Елена Съянова
Это произошло в семидесятые годы XVIII века, в канун великого потрясения Великой революции, когда французское общество устами собственных писателей и публицистов отзывалось о себе как о гигантском доме для умалишенных, в котором неосторожно брошенное слово или случайно вырвавшийся громкий вскрик могли вызвать взрыв общего возбуждения, вспышку эмоций, истерику, грозившую вышибить двери и окна, разметать стены, снести крышу крепкого лишь на первый взгляд здания.
Это было время юристов-пожарных, льющих в пламя страстей слезы крокодиловых законов; экономистов-пророков, сулящих конец луидора как конец света, и публицистов-разбойников, своим посвистом раздувающих пламя страстей и приближающих обрушение луидора.
Это было время, когда публично брошенное слово убивало, как удар кинжала в руках опытного убийцы. И это было последнее время, когда правила власть слов. Очень скоро, лет через 15, все во Франции переменится: ложь польется мутным потоком, оскорбления полетят, как комья грязи, и заляпают вокруг всех; репутации превратятся в груды мусора и обесценятся слова, а не луидор. Нужно было только потерпеть немного.
Друзей было пятеро. Молодых, энергичных, талантливых. Они вели обычный для своей среды образ жизни: танцевали на балах, посещали театры и будуары актрис, флиртовали… занимались и делом: Луи Бреге, например, делал часы; Антуан Лавуазье ставил химические опыты; Жан Поль Марат лечил нищих и аристократов; Пьер Бриссо изучал юриспруденцию, а Этьен Дюваль был математиком. И все пятеро, как это было тогда принято, немножко пописывали: романы, стишки, памфлеты. Это было обычным делом; даже свои научные исследования преуспевающие люди тех лет старались облечь в литературную форму, пригодную для усвоения и неискушенной публикой. И почти любое сочинение того или иного рода находило своих рецензентов.
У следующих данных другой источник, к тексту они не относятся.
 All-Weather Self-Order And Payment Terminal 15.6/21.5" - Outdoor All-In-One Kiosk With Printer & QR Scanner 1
Как-то ноябрьским вечером друзья заехали за Этьеном Дювалем, чтобы вместе отправиться в театр. Они нашли своего друга в ужасном состоянии: по всей комнате были разбросаны исписанные листы бумаги, а сам Этьен неподвижно стоял у окна, уставившись в ночь. Оказалось, что в сегодняшних парижских газетах появилась сатира некоего Карно на его, Этьена, математическую диссертацию, в которой тот высмеял автора как очевидную бездарность. Это был жестокий удар. Друзья принялись было утешать Этьена: Лавуазье предложил ответить новой диссертацией, самый молодой и пылкий Пьер Бриссо немедленно и публично отхлестать этого Карно по лицу его же сочинением, а Марат напомнил, как его самого недавно высмеял Вольтер. На этих словах Этьен Дюваль вдруг вспыхнул, а затем страшно побледнел: «Если бы меня высмеял Вольтер, — произнес он едва слышно, — я был бы сейчас счастлив. Но меня высмеял какой-то Карно».
Исчерпав все доводы, друзья уехали от Дюваля с тяжелым сердцем. А наутро они узнали, что этой ночью их друг повесился.
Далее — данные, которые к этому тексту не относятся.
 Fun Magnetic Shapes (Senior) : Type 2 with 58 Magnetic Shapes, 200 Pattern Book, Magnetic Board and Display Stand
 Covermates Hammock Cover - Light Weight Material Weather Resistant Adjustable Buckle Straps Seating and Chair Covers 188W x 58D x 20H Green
С тех пор каждый год 14 ноября, невзирая ни на какие обстоятельства жизни, четверо собирались вместе на могиле Этьена Дюваля. Время сильно их изменило, а революция развела по враждующим лагерям, но своей традиции они не изменили. А когда в живых не осталось ни одного из четверых, на могилу Этьена Дюваля пришел еще один человек — великий французский математик, автор мно гочисленных трудов по математическому анализу и проективной геометрии и министр Наполеона Лазар Карно. Тот самый.
Карно всю жизнь казнил себя за ту мальчишескую желчь, которая вырвалась из-под его пера из-за глупой ревности и нехватки доводов.